Data listing Start Marker
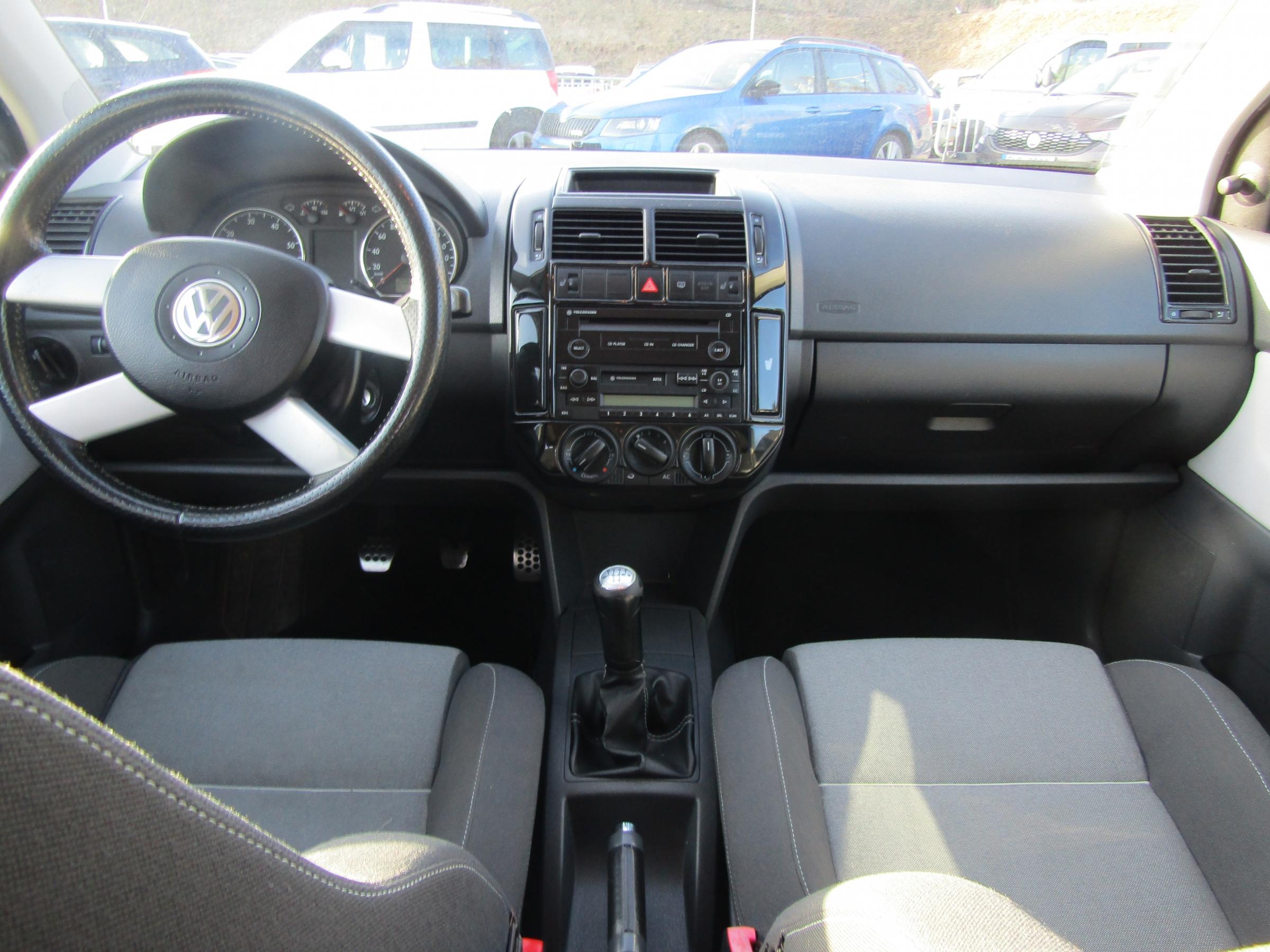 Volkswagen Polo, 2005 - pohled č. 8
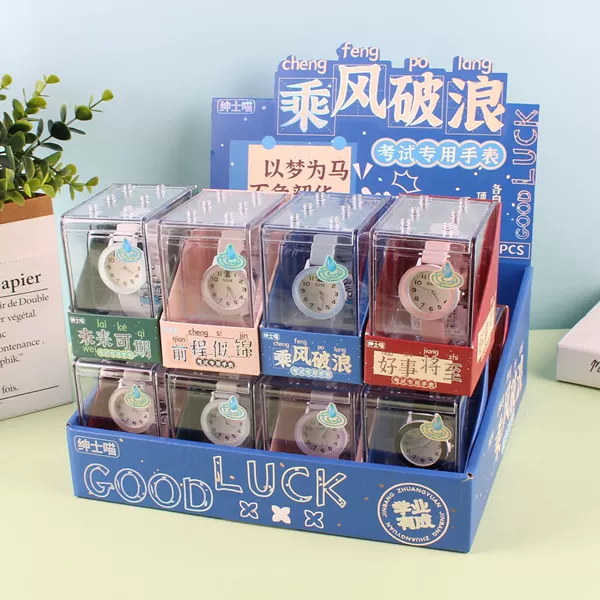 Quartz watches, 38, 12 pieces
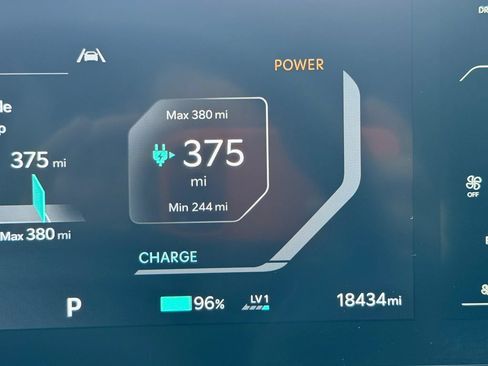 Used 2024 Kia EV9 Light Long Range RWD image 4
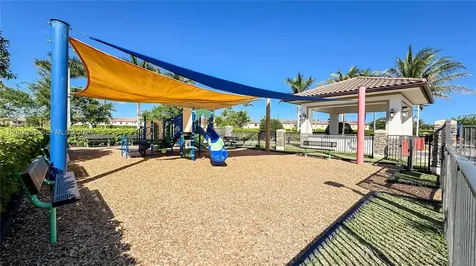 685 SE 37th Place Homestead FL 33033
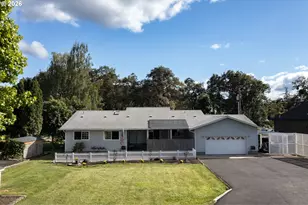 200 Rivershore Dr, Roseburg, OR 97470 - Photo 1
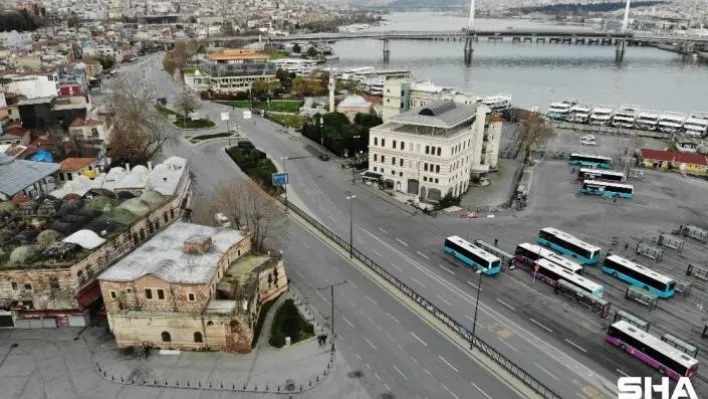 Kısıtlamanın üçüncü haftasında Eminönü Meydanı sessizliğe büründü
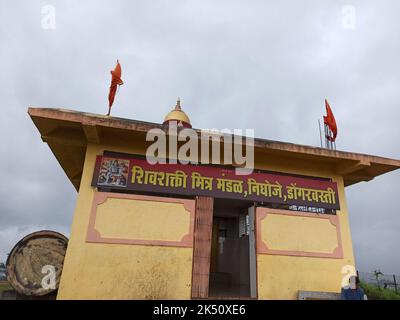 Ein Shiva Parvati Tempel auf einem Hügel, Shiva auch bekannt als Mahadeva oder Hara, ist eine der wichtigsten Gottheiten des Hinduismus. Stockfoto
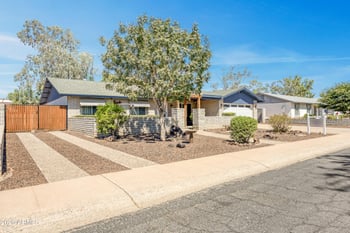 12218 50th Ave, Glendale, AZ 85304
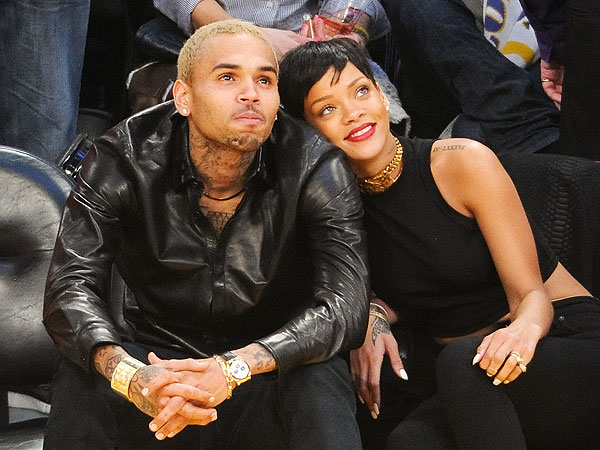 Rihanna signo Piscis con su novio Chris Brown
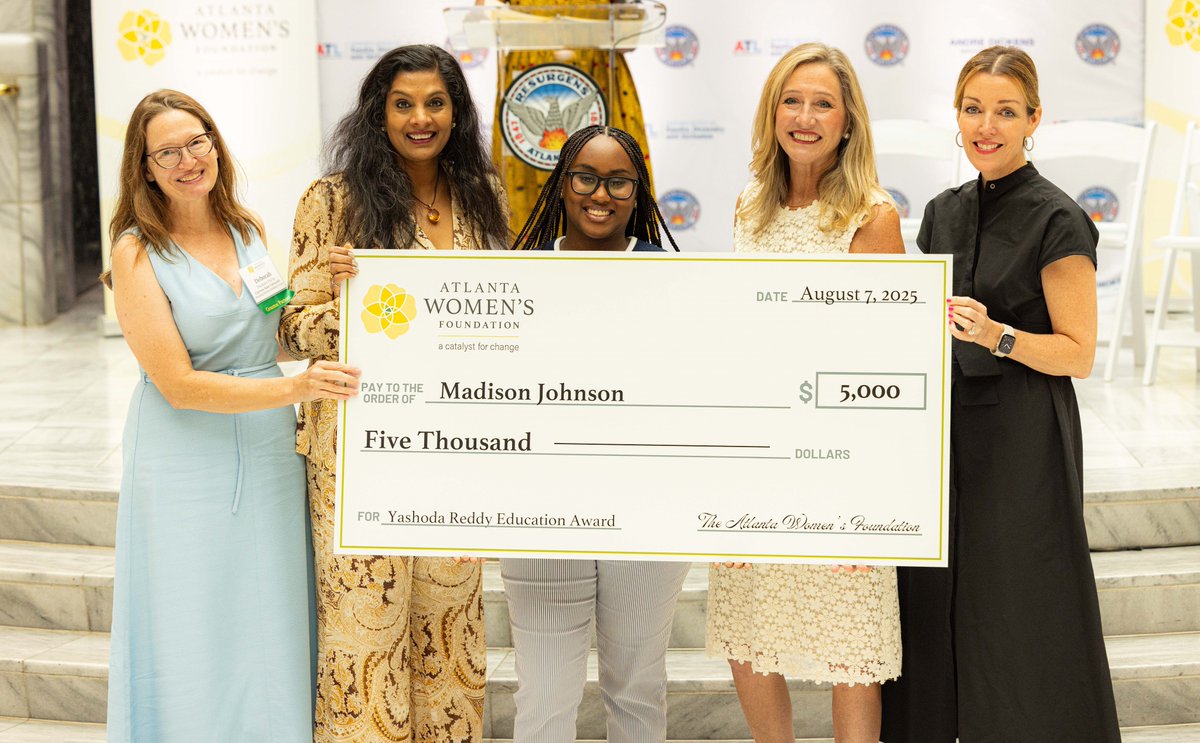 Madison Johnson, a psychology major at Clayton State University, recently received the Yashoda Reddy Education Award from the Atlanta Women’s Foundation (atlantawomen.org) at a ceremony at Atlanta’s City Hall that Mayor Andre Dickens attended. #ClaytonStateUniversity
Data listing End Marker
Data listing Start Marker
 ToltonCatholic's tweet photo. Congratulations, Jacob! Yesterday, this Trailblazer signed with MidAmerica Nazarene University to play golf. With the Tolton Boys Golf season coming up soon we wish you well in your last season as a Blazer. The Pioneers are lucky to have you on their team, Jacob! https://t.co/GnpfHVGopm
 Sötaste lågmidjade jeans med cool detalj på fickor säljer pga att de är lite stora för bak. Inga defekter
Data listing End Marker
Data listing Start Marker
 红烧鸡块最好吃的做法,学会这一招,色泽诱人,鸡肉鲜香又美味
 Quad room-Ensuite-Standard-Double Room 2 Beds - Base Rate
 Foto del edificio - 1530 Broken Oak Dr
Data listing End Marker
In the entries above, every line from the line with "12218 50th Ave, Glendale, AZ 85304" to the line with "Madison Johnson, a" is to be printed exactly, with both ends included and pictures excluded.

▸ Exercise result:
 12218 50th Ave, Glendale, AZ 85304
 Rihanna signo Piscis con su novio Chris Brown
 Madison Johnson, a psychology major at Clayton State University, recently received the Yashoda Reddy Education Award from the Atlanta Women’s Foundation (atlantawomen.org) at a ceremony at Atlanta’s City Hall that Mayor Andre Dickens attended. #ClaytonStateUniversity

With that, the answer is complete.